Sure, there are plenty of tips discussing how to use sequences in JavaFX, but the one I wanted to cover quickly today is regarding the fact that sequences are immutable. That is, once you create them, their content can’t change.

You lie!‘ I hear you all shout, running off to your IDE’s to show me the following fully legal and compiler-friendly code:

[jfx]
var seq = [ 1, 2, 3 ];
insert 4 into seq;
insert 5 into seq;
delete 1 from seq;

println(seq);
[/jfx]

If you run this code, the output will be [ 2, 3, 4, 5 ], as expected. It’s understandable if you think the sequence is being updated in-place – it certainly looks that way from where we’re all standing – except that under the hood it isn’t, and there are performance implications we need to be clear on. To get straight to the point, the insert and delete instructions create a brand new sequence instance, but fortunately they also ensure that the seq variable always refers to the new instance, quietly leaving the old instance to get garbage collected.

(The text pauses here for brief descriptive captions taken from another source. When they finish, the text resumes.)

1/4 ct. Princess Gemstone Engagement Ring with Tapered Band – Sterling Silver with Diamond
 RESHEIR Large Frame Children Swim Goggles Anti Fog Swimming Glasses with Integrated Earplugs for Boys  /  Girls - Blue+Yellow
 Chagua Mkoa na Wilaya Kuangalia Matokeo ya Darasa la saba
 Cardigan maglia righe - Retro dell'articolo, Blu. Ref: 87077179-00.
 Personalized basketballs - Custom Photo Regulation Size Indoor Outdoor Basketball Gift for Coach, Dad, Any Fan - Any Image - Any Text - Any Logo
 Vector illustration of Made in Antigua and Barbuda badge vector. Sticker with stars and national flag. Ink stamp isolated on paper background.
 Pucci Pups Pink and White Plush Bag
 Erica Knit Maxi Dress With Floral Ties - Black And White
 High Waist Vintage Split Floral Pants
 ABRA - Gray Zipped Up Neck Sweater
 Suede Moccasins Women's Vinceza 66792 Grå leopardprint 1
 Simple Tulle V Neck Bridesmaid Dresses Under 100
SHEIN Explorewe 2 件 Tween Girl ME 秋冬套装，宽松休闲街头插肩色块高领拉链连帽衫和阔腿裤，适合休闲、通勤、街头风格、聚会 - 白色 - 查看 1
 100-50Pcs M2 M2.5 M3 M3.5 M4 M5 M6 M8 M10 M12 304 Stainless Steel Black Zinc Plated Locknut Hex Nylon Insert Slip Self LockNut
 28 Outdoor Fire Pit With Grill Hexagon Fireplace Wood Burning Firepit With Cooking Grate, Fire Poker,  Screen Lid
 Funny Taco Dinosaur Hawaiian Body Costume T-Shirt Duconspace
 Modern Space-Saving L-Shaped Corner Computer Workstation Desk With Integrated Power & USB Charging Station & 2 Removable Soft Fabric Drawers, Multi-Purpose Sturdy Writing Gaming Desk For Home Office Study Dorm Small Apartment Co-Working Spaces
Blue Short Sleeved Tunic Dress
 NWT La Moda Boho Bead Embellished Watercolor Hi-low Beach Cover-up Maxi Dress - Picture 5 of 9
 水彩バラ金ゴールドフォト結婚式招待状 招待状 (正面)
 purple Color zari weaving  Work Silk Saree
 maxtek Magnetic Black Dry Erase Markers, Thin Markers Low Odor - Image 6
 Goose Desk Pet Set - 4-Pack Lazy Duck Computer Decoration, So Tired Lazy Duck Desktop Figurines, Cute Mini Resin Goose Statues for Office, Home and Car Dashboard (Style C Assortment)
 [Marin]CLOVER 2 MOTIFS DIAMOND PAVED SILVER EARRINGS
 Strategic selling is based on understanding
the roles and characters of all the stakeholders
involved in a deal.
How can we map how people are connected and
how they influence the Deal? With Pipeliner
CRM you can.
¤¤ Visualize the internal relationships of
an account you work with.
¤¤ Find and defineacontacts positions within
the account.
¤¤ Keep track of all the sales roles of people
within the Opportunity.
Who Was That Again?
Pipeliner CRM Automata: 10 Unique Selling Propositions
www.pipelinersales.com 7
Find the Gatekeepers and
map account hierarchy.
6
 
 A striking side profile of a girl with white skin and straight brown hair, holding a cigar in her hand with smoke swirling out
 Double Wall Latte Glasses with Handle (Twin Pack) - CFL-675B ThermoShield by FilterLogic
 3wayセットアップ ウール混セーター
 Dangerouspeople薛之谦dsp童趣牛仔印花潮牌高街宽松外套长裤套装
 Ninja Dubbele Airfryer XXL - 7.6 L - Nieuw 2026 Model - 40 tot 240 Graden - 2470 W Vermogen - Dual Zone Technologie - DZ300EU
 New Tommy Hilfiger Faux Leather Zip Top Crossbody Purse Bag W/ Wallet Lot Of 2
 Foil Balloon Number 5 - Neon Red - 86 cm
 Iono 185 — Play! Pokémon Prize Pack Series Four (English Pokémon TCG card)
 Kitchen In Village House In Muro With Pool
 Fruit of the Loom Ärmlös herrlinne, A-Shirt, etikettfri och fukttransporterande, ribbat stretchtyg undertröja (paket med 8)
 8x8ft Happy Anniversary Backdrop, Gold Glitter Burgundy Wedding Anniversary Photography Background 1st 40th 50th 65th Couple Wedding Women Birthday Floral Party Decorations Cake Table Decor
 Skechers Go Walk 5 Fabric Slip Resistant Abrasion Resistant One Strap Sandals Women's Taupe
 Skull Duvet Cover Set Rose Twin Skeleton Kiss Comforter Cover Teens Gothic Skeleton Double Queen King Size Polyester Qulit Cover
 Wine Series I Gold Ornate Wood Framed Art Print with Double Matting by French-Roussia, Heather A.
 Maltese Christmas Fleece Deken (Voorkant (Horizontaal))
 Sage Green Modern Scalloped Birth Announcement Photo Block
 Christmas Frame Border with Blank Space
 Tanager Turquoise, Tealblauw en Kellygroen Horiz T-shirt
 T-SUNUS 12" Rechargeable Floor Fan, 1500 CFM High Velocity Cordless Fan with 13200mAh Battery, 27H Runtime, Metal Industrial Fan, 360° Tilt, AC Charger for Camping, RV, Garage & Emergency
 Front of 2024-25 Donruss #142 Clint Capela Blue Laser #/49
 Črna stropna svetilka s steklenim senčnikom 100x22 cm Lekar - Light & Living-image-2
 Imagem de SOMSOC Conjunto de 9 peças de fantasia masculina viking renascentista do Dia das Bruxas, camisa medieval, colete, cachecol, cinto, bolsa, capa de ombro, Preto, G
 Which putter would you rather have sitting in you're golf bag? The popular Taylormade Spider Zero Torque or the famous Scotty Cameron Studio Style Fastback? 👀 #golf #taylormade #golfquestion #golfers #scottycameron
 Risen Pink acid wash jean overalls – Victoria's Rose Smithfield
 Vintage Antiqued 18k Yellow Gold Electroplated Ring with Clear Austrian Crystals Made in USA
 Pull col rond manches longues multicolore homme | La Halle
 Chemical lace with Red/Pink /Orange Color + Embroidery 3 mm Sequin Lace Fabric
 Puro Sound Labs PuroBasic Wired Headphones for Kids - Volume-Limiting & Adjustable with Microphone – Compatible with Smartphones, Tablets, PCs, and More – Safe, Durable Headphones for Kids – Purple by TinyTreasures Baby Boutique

Of course, as I just noted, from a developers perspective we can treat seq as a reference to a sequence instance and be oblivious to these ‘behind-the-scenes’ sequence shenanigans. There is nothing wrong with this, but it’s important to know that creating sequences isn’t free, and certainly minimising the amount of sequences we create is a smart idea.

To be slightly more technical, I should note that there are some exceptions to this ‘sequences are immutable’ rule when dealing with non-shared sequences of specific types, but I don’t want to muddy the point of this blog, which is….

Use the expression language features of JavaFX to reduce the number of sequence instances you need to create.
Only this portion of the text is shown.